*WHAT THIS TASK INVOLVES*
Below is a set of records. Please retype every one exactly.

Brief descriptive captions
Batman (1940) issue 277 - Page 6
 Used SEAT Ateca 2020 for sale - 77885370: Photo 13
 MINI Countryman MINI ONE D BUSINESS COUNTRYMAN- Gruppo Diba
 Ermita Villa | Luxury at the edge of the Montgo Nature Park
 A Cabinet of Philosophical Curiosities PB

*EXERCISE OUTPUT*
Batman (1940) issue 277 - Page 6
 Used SEAT Ateca 2020 for sale - 77885370: Photo 13
 MINI Countryman MINI ONE D BUSINESS COUNTRYMAN- Gruppo Diba
 Ermita Villa | Luxury at the edge of the Montgo Nature Park
 A Cabinet of Philosophical Curiosities PB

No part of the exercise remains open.